The authors of the study estimate that enearly 1,000 tons of fossil carbon is burned, it creates the conditions for a future premature death.

It so happens that climate change is one of the greatest threats to human health in the 21st century, as warned by this and other scientific studies and international organizations.

The burning of fossil fuels, deforestation, agriculture and other human activities have caused an increase in global average temperature of 1.1°C since pre-industrial times, which has altered weather patterns and generated extreme events such as droughts, floods , fires, storms, and heat waves.

According to the World Health Organization (WHO), between 2030 and 2050, this phenomenon will cause an additional 250,000 deaths each year due to malnutrition, malaria, diarrhea and heat stress, in addition to increasing the risk of infectious, respiratory, cardiovascular and mental diseases.

In addition, it’s estimated that the cost of direct damage to health will be between US$2,000 and US$4,000 million a year between now and 2030. And all these harmful effects are distributed unequally between countries and populations, being the most poor and vulnerable who suffer the most.

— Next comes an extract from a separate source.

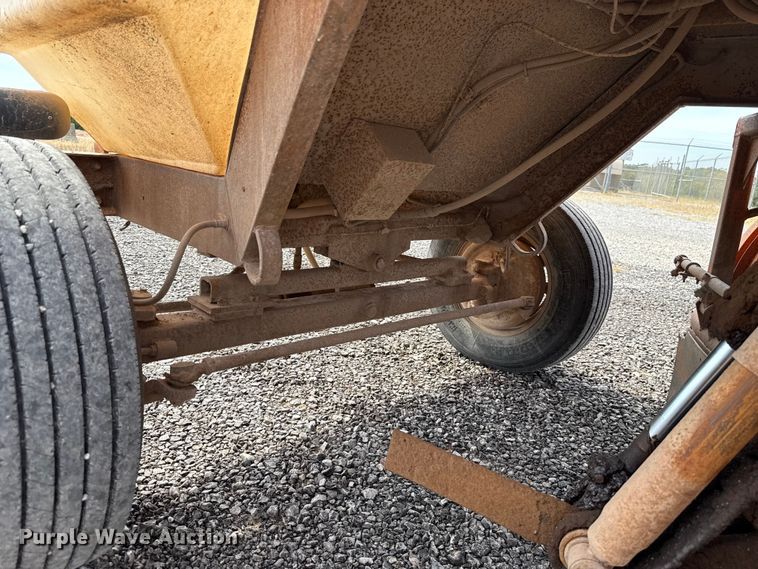 image for item EU5043 1998 Broce RJ350 broom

The climate crisis threatens to undo the last fifty years of progress in development, global health and poverty reduction, and to further widen existing health inequalities.

Looking into the Future

The UN Environment and the WHO have signed an agreement to intensify joint actions to combat air pollution, climate change and antimicrobial resistance, among other environmental problems that affect health.

Both organizations urge political, business, and social leaders to take urgent measures to reduce greenhouse gas emissions and accelerate the transition towards a green and circular economy.

António Guterres, UN Secretary General, urges all countries to increase their efforts to improve air quality and commit to better control of sources of air pollution.

The latest scientific report from the Intergovernmental Panel on Climate Change insists on the urgency of acting. Consequently, the Secretary General of the United Nations has convened a Summit on Climate Ambition, at the UN headquarters, New York, on September 20, 2023.

According to the official website of that international organization, the Summit "represents a fundamental political milestone since it demonstrates that it’s the intention of the world collective to accelerate the pace and scale of a fair transition towards a climate-resilient world economy, based on renewable energy more equitable".

It would then be worth parodying that bitter Latin phrase, written in The Twelve Caesars, by the Roman historian Suetonius, and announcing, this time with optimism: Hail Summit, the billions who could die prematurely, greet you.